La normativa stabilisce un principio generale in base al quale la contrattazione collettiva costituisce, ai sensi e per gli effetti dell’articolo 36 della Costituzione, lo strumento per la determinazione del salario giusto, assicurando ai lavoratori un trattamento economico complessivo adeguato alla quantità e alla qualità del lavoro prestato.
| Art. 36, comma 1 Costituzione
Il lavoratore ha diritto ad una retribuzione proporzionata alla quantità e qualità del suo lavoro e in ogni caso sufficiente ad assicurare a sé e alla famiglia un’esistenza libera e dignitosa. |
N.B. Ai fini dell’individuazione del salario giusto, si fa riferimento al trattamento economico complessivo (TEC) definito dai contratti collettivi nazionali di lavoro stipulati dalle organizzazioni sindacali e dei datori di lavoro comparativamente più rappresentative sul piano nazionale, avuto riguardo al settore e alla categoria produttivi di riferimento, nonché all’attività principale o prevalente esercitata, alla dimensione e alla natura giuridica del datore di lavoro.
Il trattamento economico complessivo previsto dai contratti collettivi nazionali di lavoro diversi da quelli di cui sopra (CCNL non leader) non può essere inferiore al trattamento economico complessivo individuato dal contratto collettivo nazionale di lavoro stipulato dalle organizzazioni dei datori di lavoro e dei lavoratori comparativamente più rappresentative sul piano nazionale avuto riguardo al settore e alla categoria produttivi di riferimento, nonché all’attività principale o prevalente esercitata, alla dimensione e alla natura giuridica del datore di lavoro.
Viene prevista l’applicazione del TEC stabilito dal CCNL leader anche per i settori non coperti da contrattazione collettiva.
In sede di conversione in Legge del Decreto Primo Maggio è stata data la definizione di trattamento economico complessivo, fornendo così alcuni chiarimenti ai vari dubbi sorti dall’entrata in vigore del D.L.
In particolare, il trattamento economico complessivo è costituito da tutte le voci retributive fisse e continuative, dirette, indirette e differite, definite dai CCNL leader, comprese le mensilità aggiuntive e le indennità fisse e continuative, nonché dalle prestazioni di welfare contrattuale spettanti alla generalità dei dipendenti e dagli eventuali altri istituti o indennità aventi valore economico, definiti dagli stessi contratti collettivi.

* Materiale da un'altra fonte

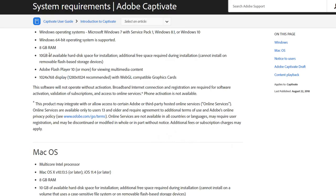The hard drive space required is 10 gigabytes for both, with maybe additional free space needed during installation, so if you've got excess files on your hard drive you might want to clear those out before installing Captivate. There's also a note about not being able to install on removable flash drives such as USB thumb drives. Flash Player 10 or greater is required, and more importantly a WebGL compatible graphics card is required for both Windows and Mac OS. The minimum resolution is 1024 by 768, but they really recommend 1280 by 1024.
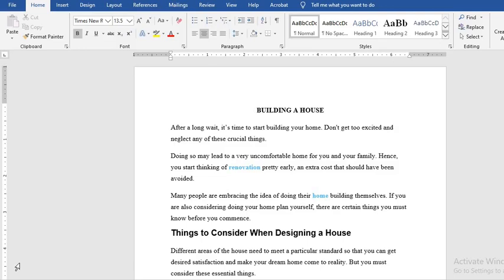In this tutorial today we are going to be learning about find and replace options in Microsoft Word. We are going to be using the content of this document as example. There are three methods you can find contents in a document.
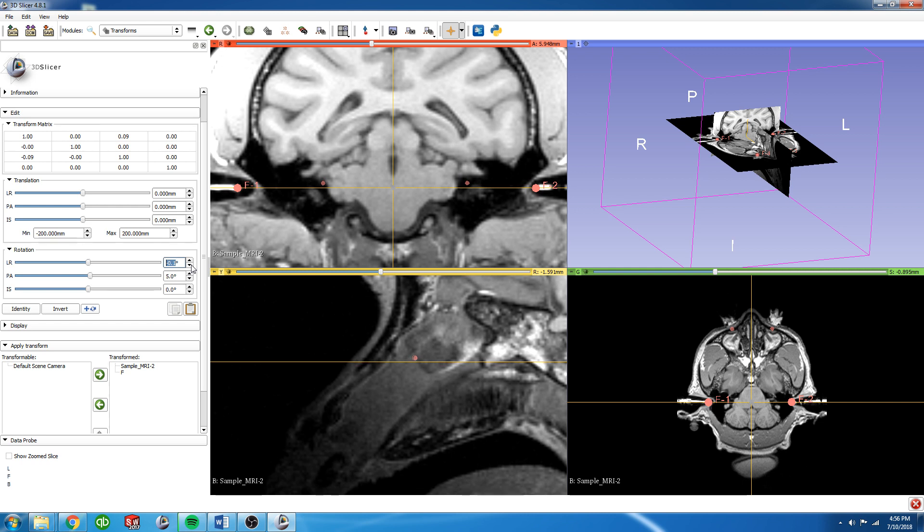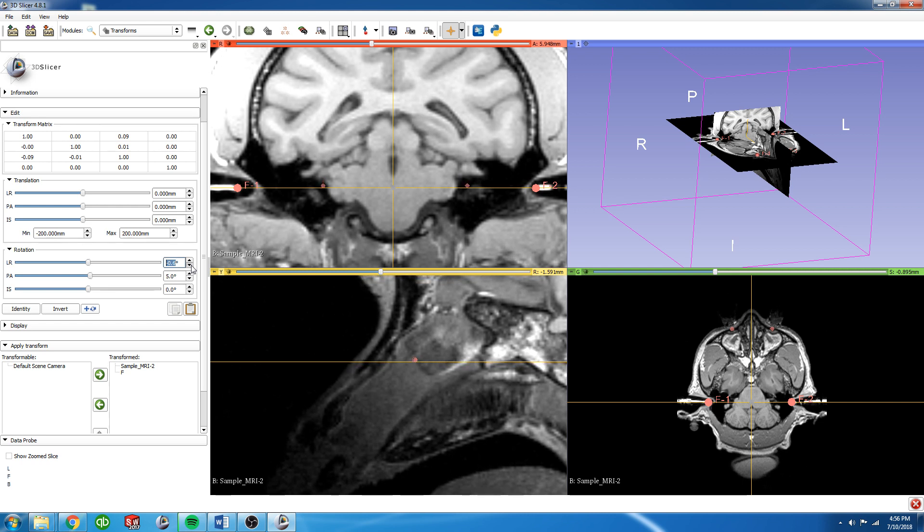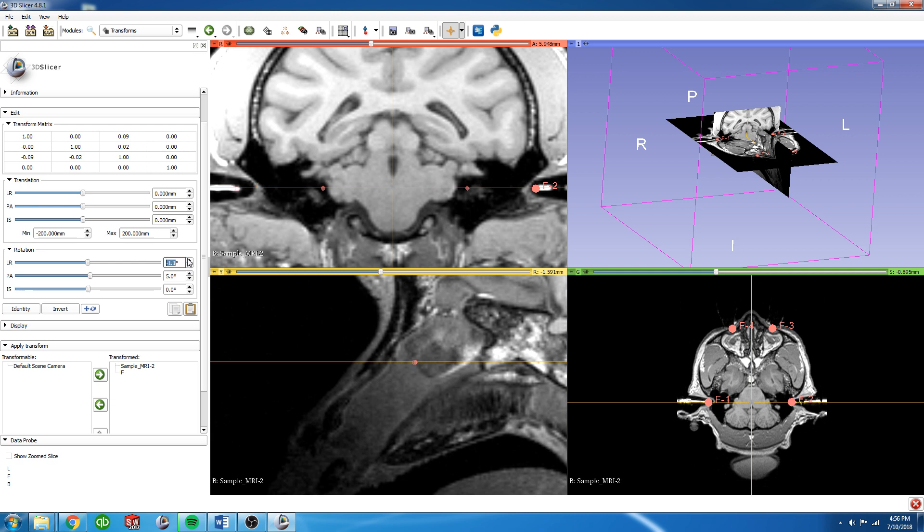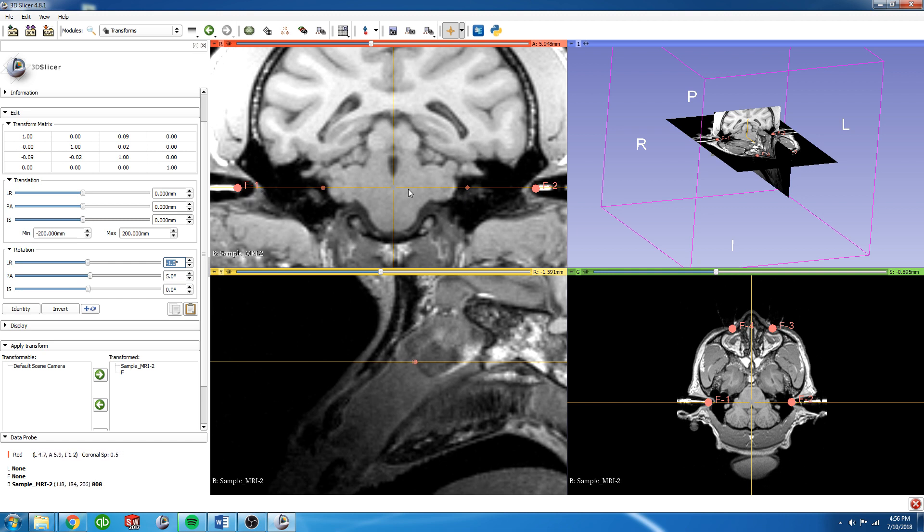I'm going to go ahead and start adjusting this a little bit. Looks like right there is pretty good. So you can see that now this line which is parallel to our plane is going through all four fiducials about right through the center.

N.B. Sono, invece, escluse le voci retributive discrezionali e variabili attribuite ai singoli lavoratori (es. superminimi, ad personam, premi etc.).
| Retribuzione tabellare
TEM |
Trattamento economico complessivo – salario giusto
TEC |
| Minimo tabellare | Minimo tabellare |
| Mensilità aggiuntiva (?) | Mensilità aggiuntive |
| Superminimo collettivo | |
| Scatti di anzianità | |
| Indennità previste dal contratto collettivo (lavoro notturno, festivo, a turni, etc.) | |
| Indennità di trasferta | |
| Welfare contrattuale | |
| Premi e incentivi collettivi |
Il Legislatore non ha introdotto un salario minimo legale costituito da una somma predeterminata, bensì un concetto di “retribuzione minima” il cui valore è dinamico e dipendente dal CCNL più rappresentativo applicato di settore e categoria. L’onero di individuare gli elementi che costituiscono il salario giusto è posto in capo ai contratti collettivi nazionali di lavoro.
Ora i contratti collettivi, qualora non prevedano già una definizione di trattamento economico complessivo, si dovranno adeguare alla normativa sul salario giusto.
Il rispetto delle disposizioni in materia di salario minimo è richiesto anche ai fini dell’applicazione degli incentivi alle assunzioni introdotte dal medesimo Decreto Legge n. 62/2026 (bonus donne 2026, bonus giovani 2026, bonus ZES 2026, incentivo alla stabilizzazione dei rapporti di lavoro, conciliazione tra famiglia e lavoro).